Segment Start: DATASET CONTENT
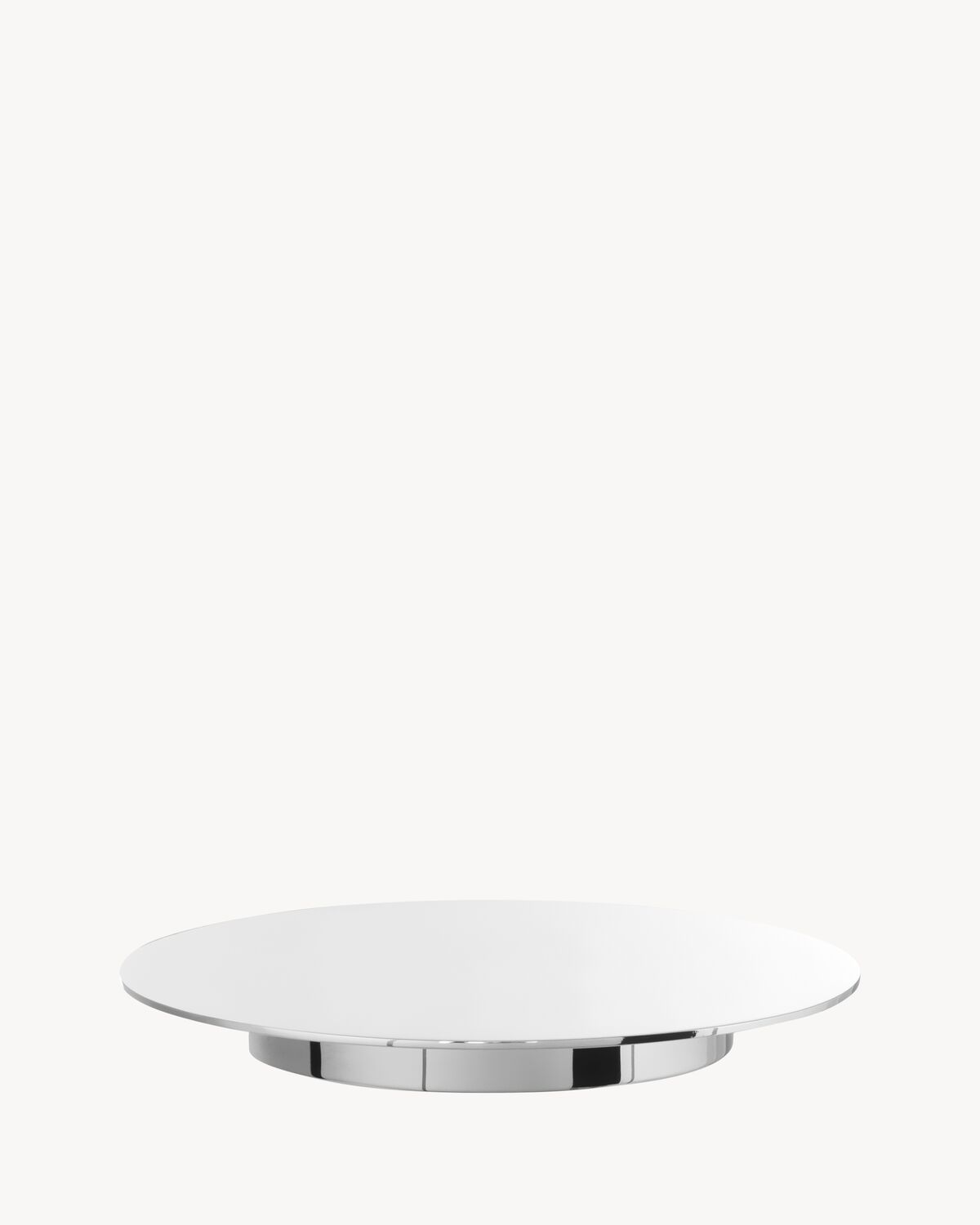 donald judd puiforcat bread plate in sterling silver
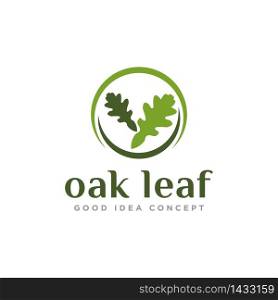 Oak Leaf Logo Design Vector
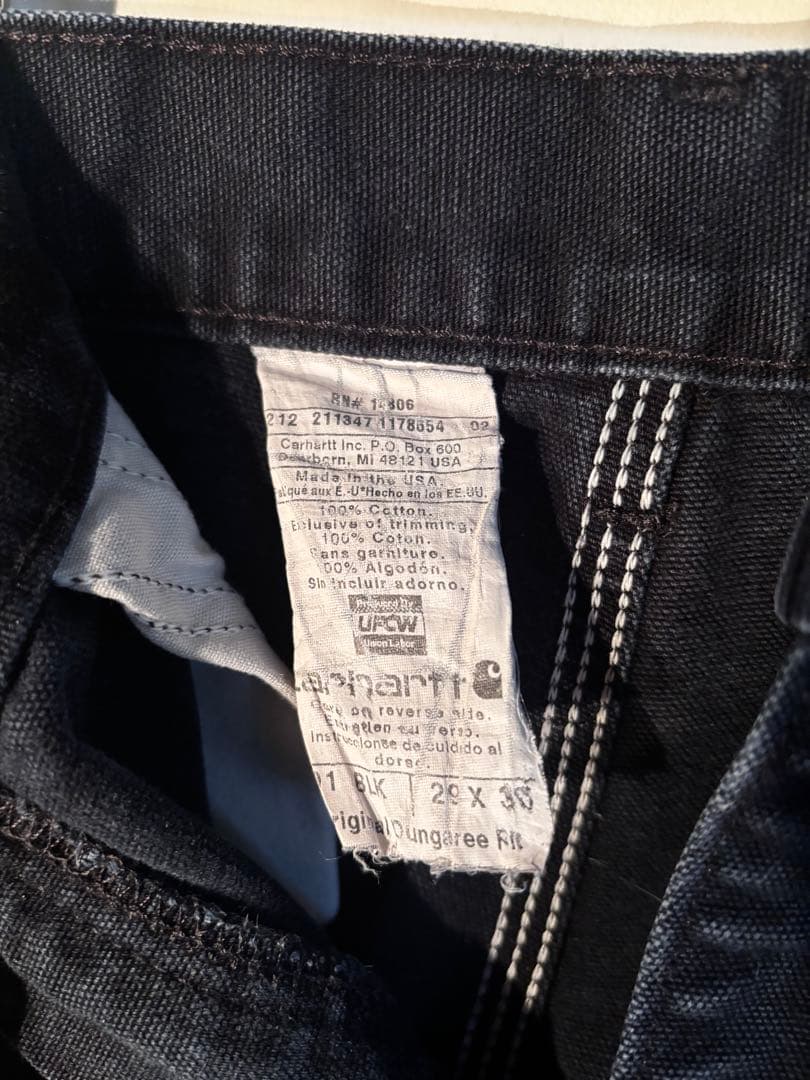 タ*ク様 Carhartt Double Knee 29X30 made in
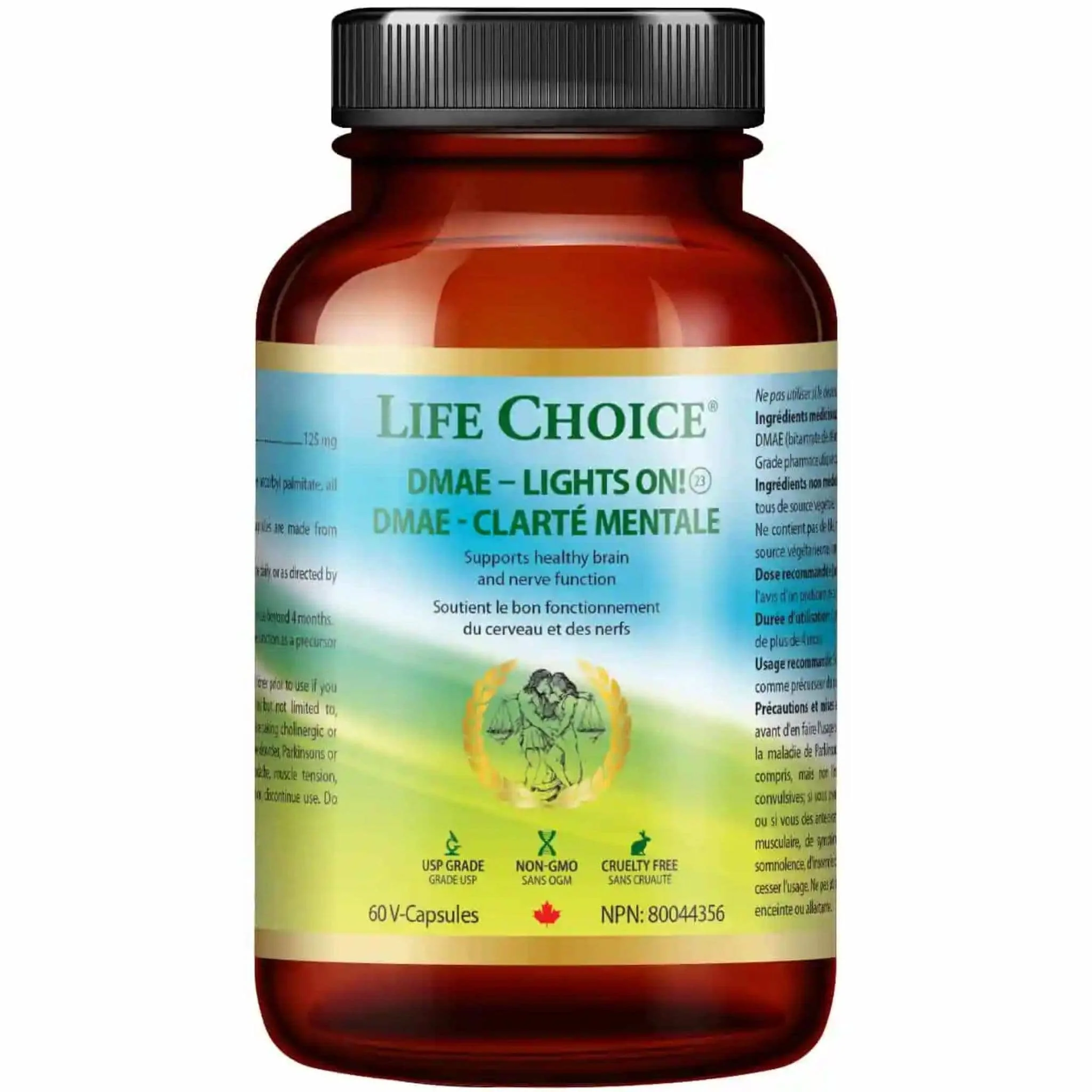 Life Choice DMAE - Lights On, 60 V-Capsules - Image 2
Segment End: DATASET CONTENT
■ EXERCISE DIRECTIONS
Write out the data exactly, and exclude every picture it holds.

■ RESULT FOR THIS TASK
 donald judd puiforcat bread plate in sterling silver
 Oak Leaf Logo Design Vector
 タ*ク様 Carhartt Double Knee 29X30 made in
 Life Choice DMAE - Lights On, 60 V-Capsules - Image 2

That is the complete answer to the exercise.